Epslog recently added a very high resolution imaging capability revealing rock features of few microns. Those very high resolution images are used for early sedimentological studies and grain size distribution analysis


Rock Powder Collection

The scratch test creates naturally powder that can be collected sample per sample or foot per foot. The volume of powder being uniformly distributed along the entire sample or a subsection of the sample, its analysis with XRD, XRF or FTIR techniques provides a truly reprenstative elements or mineralogy content of the sample or its subsection.


Results obtained from standard sampling technics, although quantitative, are usually representing a very small portion of the core and might vary greatly with the position of the sample, making its upscaling impossible.



Cutting-edge Services


Epslog offers the highest quality in on-site core testing and core data interpretation services.

Our services include:

  • On-site testing package. Fully dedicated engineers mobilized at our customer's location to operate our reliable hardware and software solutions;
  • Advanced interpretation of core and well data including but not limited to, scratch test and ultrasonic data, with our proprietary software. Depending on the problem at end, the analysis may include:
    • Quality control of well logs and core data;
    • Identification of best well logs for strength proxies;
    • Identification of facies with clustering algorithms;
    • Derivation of empirical laws;
    • Recommendations for plug sample selections and geomechanical testing programs;
    • Continuous profiles of UCS, Young Modulus and Poisson’s ratio.
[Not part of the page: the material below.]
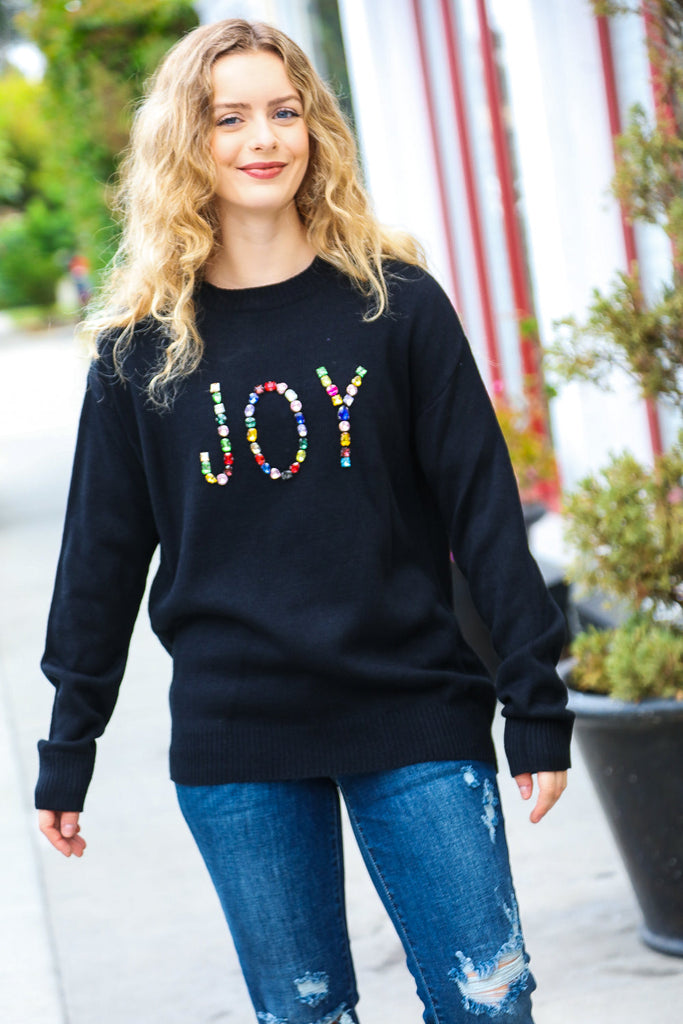 Give Back JOY Jewel Beaded Black Sweater-Timber Brooke Boutique, Online Women's Fashion Boutique in Amarillo, Texas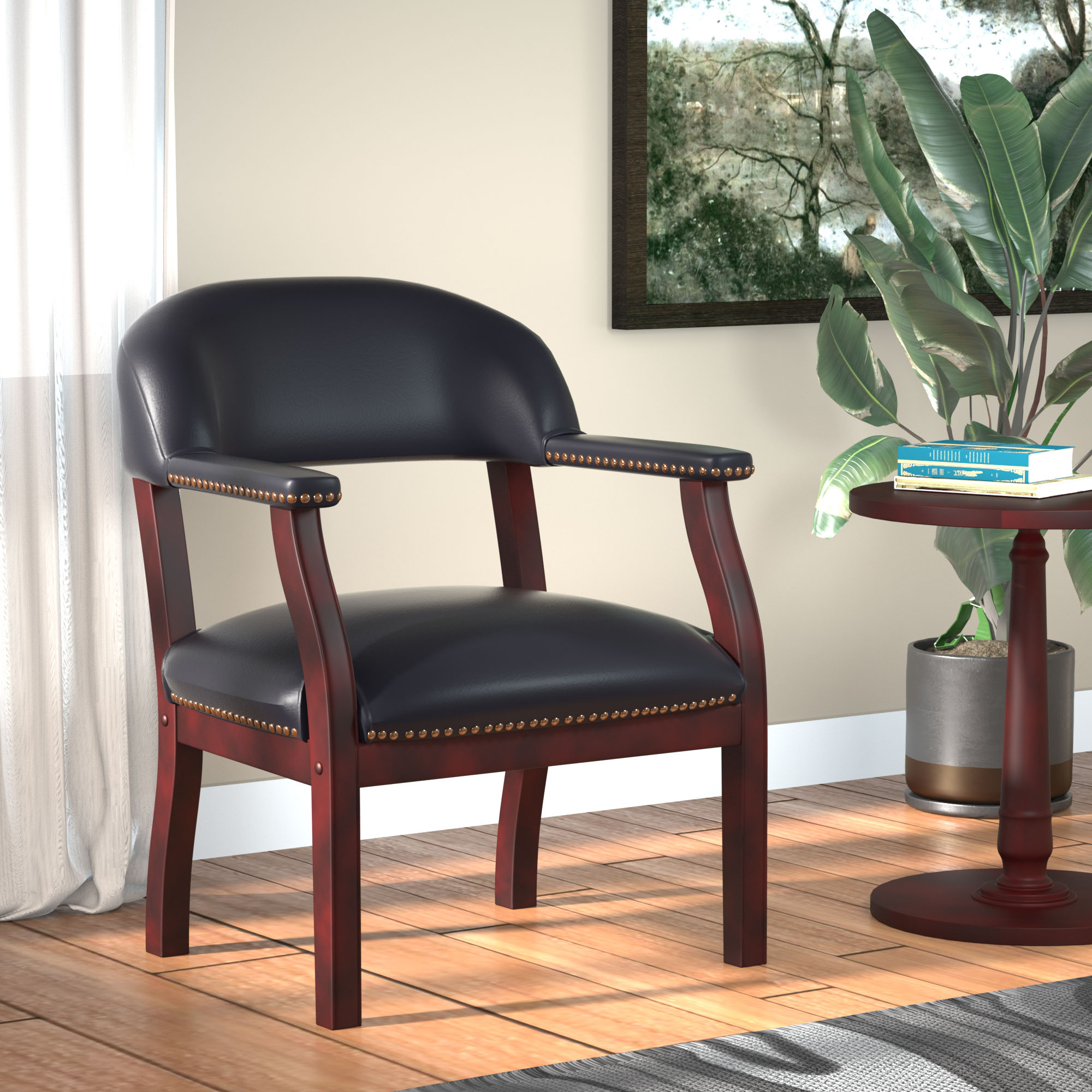 Boss Captain's guest, accent or dining chair in Black Caressoft Vinyl - Image 9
Our base-line deliverables set a new industry standard for rock strength testing: continuous high-resolution profiles of rock strength and elastic moduli directly measured on core samples.


Core Analysis Workflow


Plan the Scratch Test early in your core analysis program (before plugging and slabbing) and unlock the full value of your core data:

  • Facies recognition - Scratch test results (strength and ultrasonic wave velocities), combined with other core data profiles (Gamma-ray, CT scans) and observations or measurements on the surface exposed by the scratch test (micro-permeability, texture, description of sedimentological features,…) and wirelines are available at the first stage of the core analysis workflow: sedimentologists and petrophysicists can take a preliminary step towards rock typing even prior to core slabbing;

  • Mapping rock heterogeneity – The Scratch Test captures rock heterogeneity at the centimetric scale. High resolution strength and elastic profiles and statistically significant correlations with plug sample measurements and well logs are combined to quantify not only rock strength variations but also variations of petrophysical properties such as porosity, density and sonic velocity;
  • Selection of plug samples – The accurate description of the centimetric-scale heterogeneity along core samples is a pre-requisite to the adequate selection of plug samples for conventional testing. This is particularly valuable when the number of conventional laboratory tests is restricted by the availability of plug samples (rock mechanics, SCAL);
  • Core shift – Scratch test results (when averaged at the resolution of well logging tools) can be matched against well logs in order to estimate core shift values, even in the absence of clay marker;
  • Establishing robust correlations with well logs – The shear volume of scratch data increases the statistical significance of correlations between core data profiles and well logs.
  • Core aging – Time lapse scratch test campaigns on the same core reveals the effect of aging or weathering on rock mechanical properties.


Additional Tests


The groove left by the scratch test provides a flat and unaltered surface on the full core fit for the testing of permeability with a probe permeameter before slabbing and plugging. This technology is available with most of rock testing laboratories and can be easily combined with services provided by Epslog.